A ninguna persona civilizada se le oculta que la educación, la cortesía y el trato afable con los demás son conquistas de la civilización, mejoras evolutivas. Los humoristas suelen retratar a los hombres de la prehistoria, a los cavernícolas, con un grueso garrote entre las manos, aspecto fiero y cara de pocos amigos. Qué duda cabe de que no son más que caricaturas de lo que debió de ser aquella realidad, pero a pesar de ello se trata de un estereotipo que refleja perfectamente el mundo primitivo, cuando la sociedad estaba compuesta por un conjunto de desconfiados y amedrentados individuos, casi animales del bosque, que pocas palabras debían intercambiar entre ellos, puede que las imprescindibles para mantener a sus congéneres a distancia prudencial. Es fácil imaginar que los gruñidos y los aspavientos cafres dominaran las conversaciones entre los humanos, porque la amabilidad todavía estaba por inventar.

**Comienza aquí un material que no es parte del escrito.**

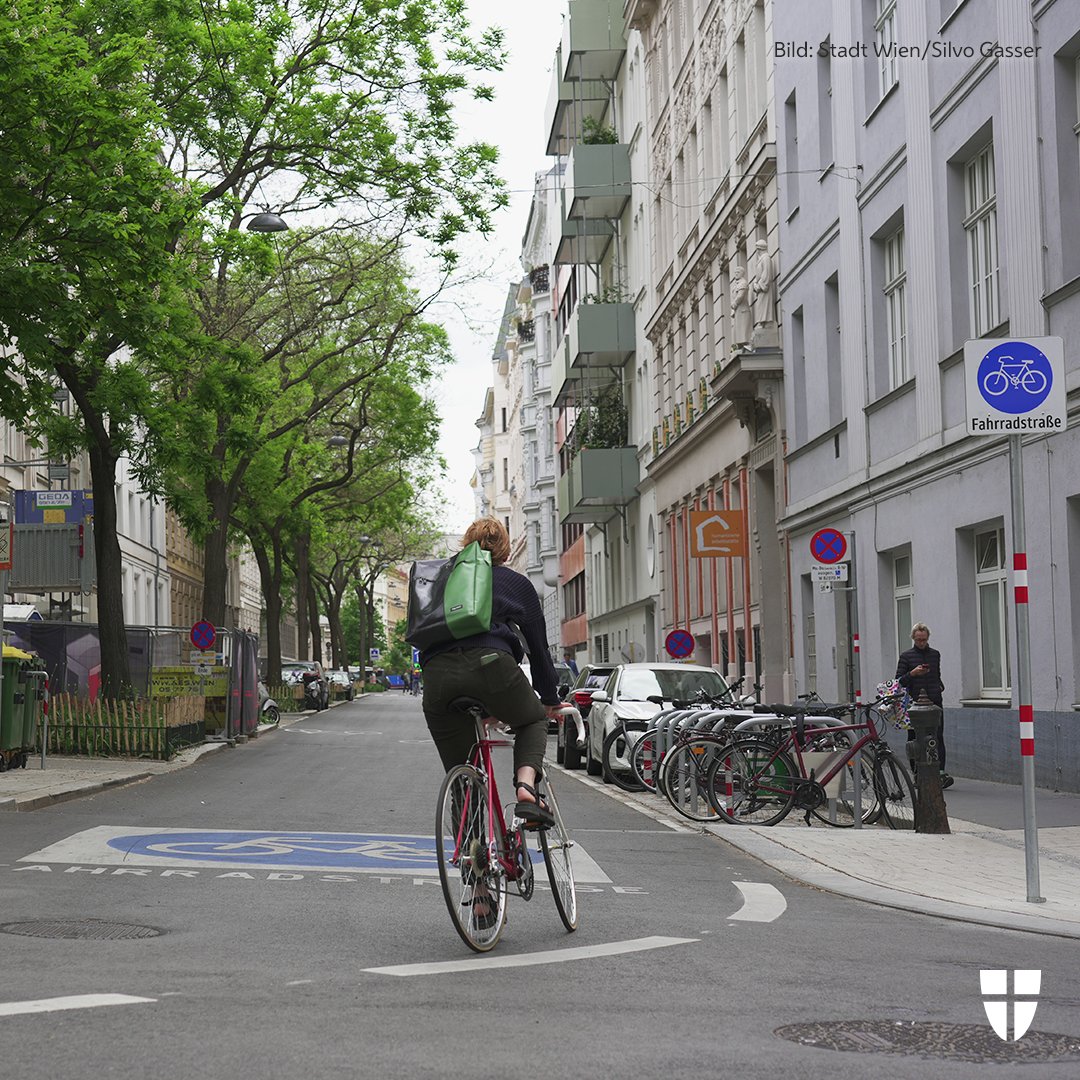 Rund 3.000 m² entsiegelte Fläche, breitere Gehsteige, 14 Bäume und zwei Trinkbrunnen – das erwartet euch im zweiten und letzten Bauabschnitt in der Pfeilgasse. 🌳 Bis Ende 2024 läuft die Umgestaltung von der Strozzigasse bis zur 2er-Linie.😃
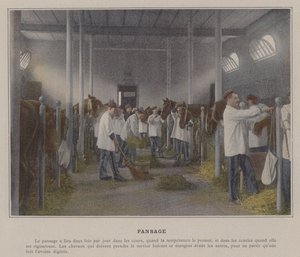 Pansage (kolorowe zdjęcie) autorstwa (after) French Photographer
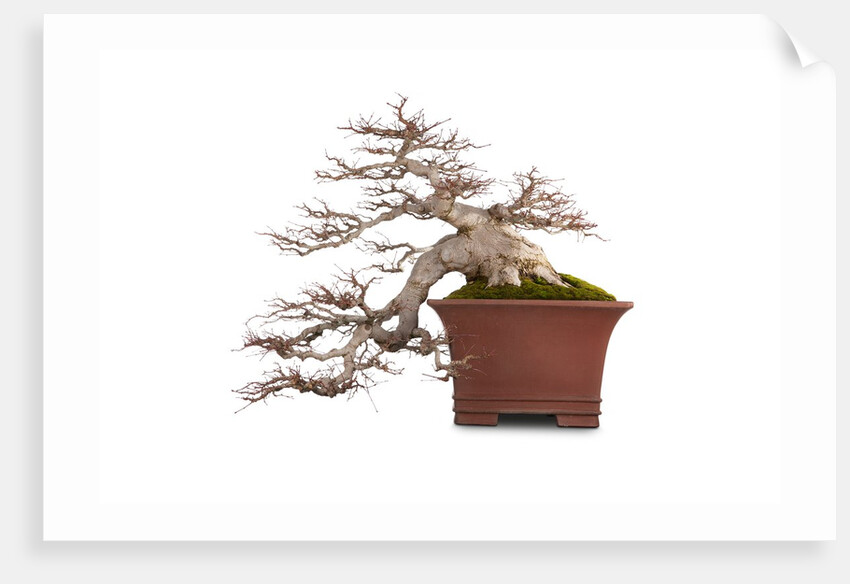 bonsai by Anonymous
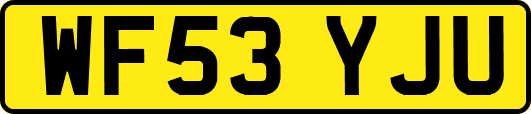 WF53YJU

El tiempo ha pasado, y aunque es cierto que la cortesía no ha llegado a todos los rincones del planeta por igual, aquí, en España, gozamos de un razonable clima de concordia ciudadana, disponemos de un nivel de educación que excluye la agresividad dialéctica de la escena cotidiana. No es que el trato sea versallesco, ni mucho menos, pero es difícil encontrar personas que no tengan conciencia de dónde acaba la educación y empieza la grosería. Ya sé que las excepciones existen, como en todo en la vida, y no se me oculta que hay muchos aspectos que mejorar. Pero no hay nadie que cuando insulta, cuando saca los pies del tiesto, no sea consciente de que lo está haciendo.
Por eso me sorprenden cada vez más las groserías parlamentarias, quiero decir las que se prodigan en el parlamento, en el templo de la palabra como a algunos redichos les gusta decir (valga la redundancia). Los señores diputados –a los senadores los tengo poco controlados quizá porque se dejen ver menos que sus colegas del Congreso-, que debieran ser conscientes de que los ciudadanos los observan, examinan su proceder, vigilan su oratoria y escudriñan su expresión corporal, tendrían que poner un esmero exquisito en lo que dicen y en cómo lo dicen. Pero no es así, o al menos no lo está siendo últimamente. Se empieza a observar un estilo, entre agresivo y faltón -por no decir macarra-, que parece más dirigido a dar satisfacción a los electores de su cuerda que a representarlos con dignidad.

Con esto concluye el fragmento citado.